There are two ways to automate the design of business policy using ML. The better option is to use ML tools in your policies. Instead of using fixed rules, our reservation website could deploy an ML algorithm to predict the most commonly booked restaurants at different times or the most widely read reviews. These ML algorithms are trained ‘offline’, looking at past customer behavior. The predicted most-likely-picks are automatically served within constraints on a web-page layout that you have designed. Your treatments become combinations of ML prediction algorithms rather than a tangles of heuristic rules.
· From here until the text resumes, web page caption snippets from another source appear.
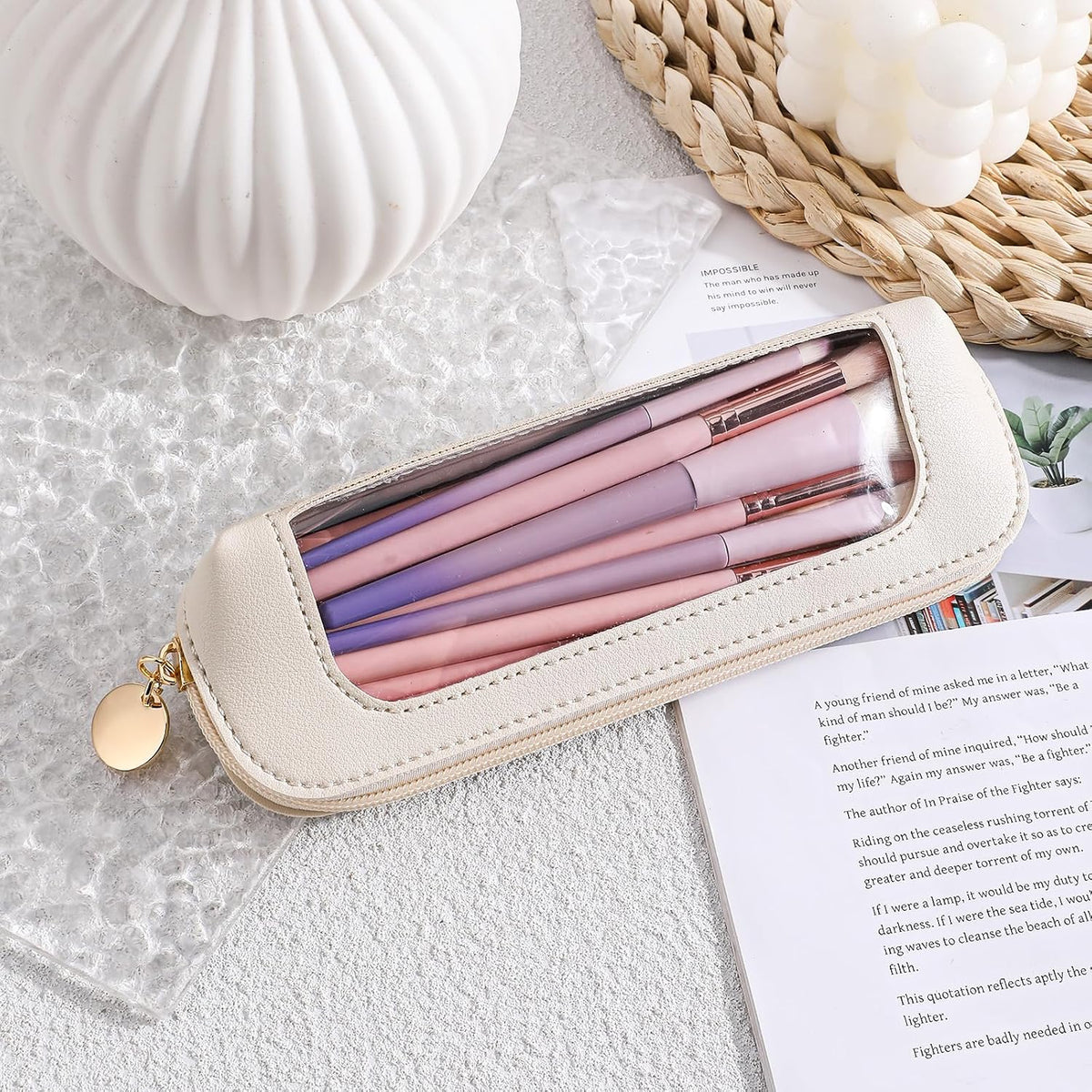 Psyqtsuary Small Clear Makeup Bag, PU Leather Travel Makeup Brush Case Portable Transparent Waterproof Cosmetic Organize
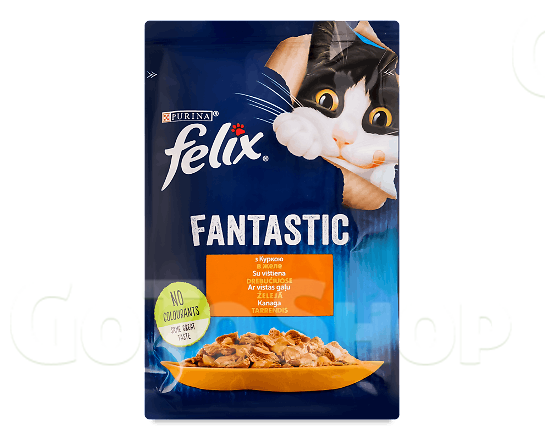 Корм для котів Felix Fantastic з куркою в желе, 85г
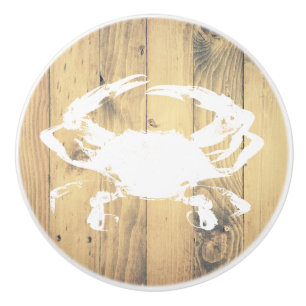 Coastal Rustic Wood Planks White Crab Monogram Ceramic Knob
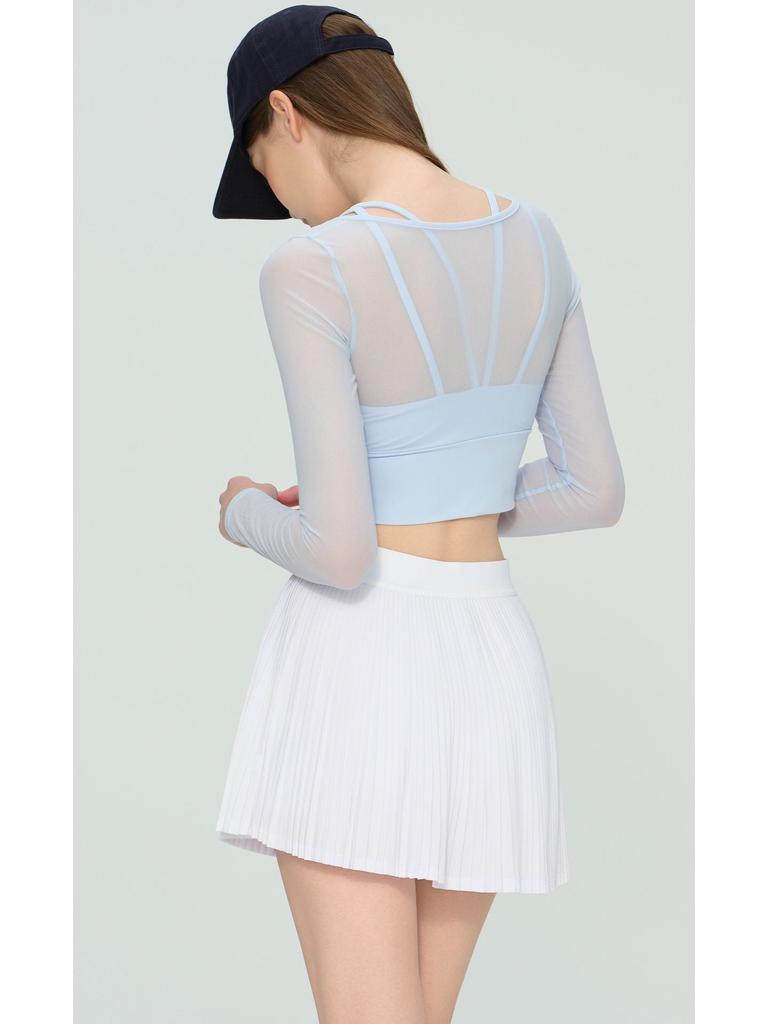 Women's Two-Piece Mesh Long Sleeve Yoga Top with Chest Pads - Ideal for Running, Pilates, and Fitness.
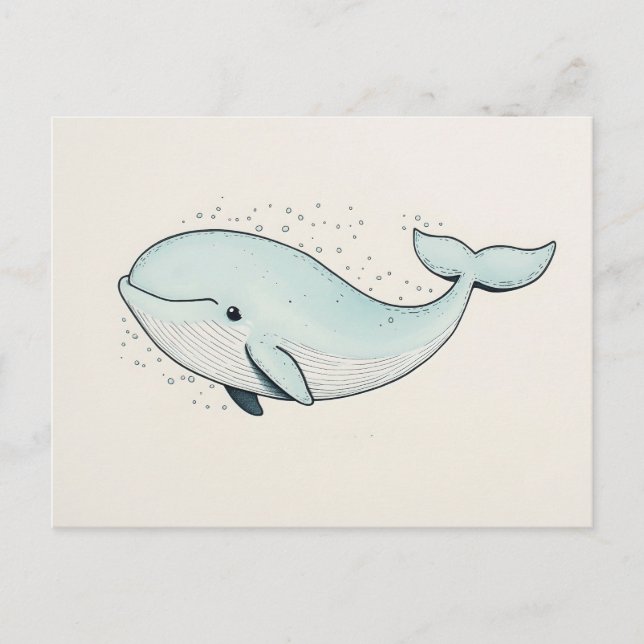Postal Dibujo de ballenas Personalizado (Anverso)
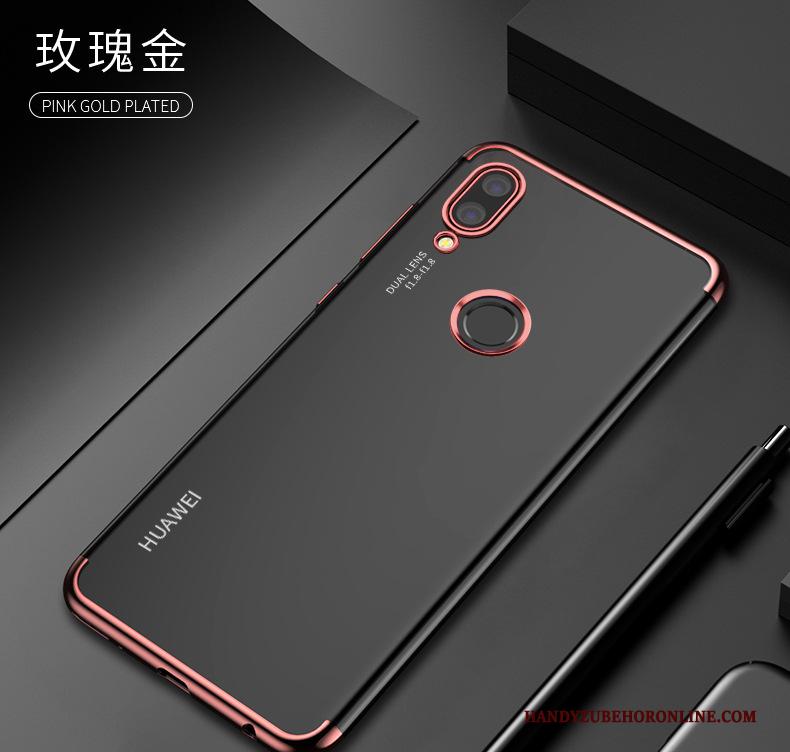 Huawei Y7 2019 Doorzichtig Rose Goud Siliconen Super Hoesje Telefoon Anti-fall Plating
The best option is to move beyond AB testing to Reinforcement Learning (RL), which replaces the manual iteration between AB tests with an automated sequence of mini-experiments. You again design policies that are combinations of ML prediction algorithms, but each policy is now accompanied by a strategy for data acquisition. Instead of serving most-likely-picks from offline ML, you run a mini-experiment and randomize what you serve amongst a set of somewhat-likely-picks. The ML algorithms are constantly re-optimizing in response to results from these mini-experiments (did the user engage with the content?), yielding continuous optimization and experimentation instead of clunky step-by-step guess and test. This makes everything move faster. Even more importantly, RL allows ML to address problems of causation instead of just correlation. By randomizing which reviews you show to customers, you learn when a customer is engaged because of certain content. With offline ML, you learn mainly that customers read reviews that your previous policies promoted most prominently and not gain any insight about what they would read if you promoted different reviews. This causal inference capability allows you to automate far more policy design components than you could do with backwards-looking ML.
This might all sound obvious. Of course I should use ML to predict what customers want to see. But most decision makers do not make enough use of ML in their policy design. Website optimization with ML is so common that we take it for granted, but many other types of policies – from product development to operations to investment – should use ML components. On the flip side, a misunderstanding of ML (remember: it is just finding patterns) can lead you to outsource to algorithms decisions that properly require human judgement (aesthetic, ethical, or executive). If you are a policy designer who doesn’t understand what should and should not be automated with ML, and how policies that include ML will learn and adapt, then yourkey decisions will be delegated to engineers and scientists (or worse, they will not be made at all). You lose control of the decision making process and are no longer the actual decision maker.
Fortunately, you can adapt for this coming automation by building an understanding of how ML recognizes patterns in past data, how uncertainty around these patterns is quantified and mitigated, and how data are collected. If you have the stomach for a dose of math and snippets of code, my book Business Data Science is one place to start learning. But regardless of how you familiarize yourself, the key outcome is to be able to use ML as an ingredient in your decision process. Metrics, spreadsheets, and customer surveys have long been essential to decision makers. ML and RL are simply the next generation of tools to facilitate data driven decisions.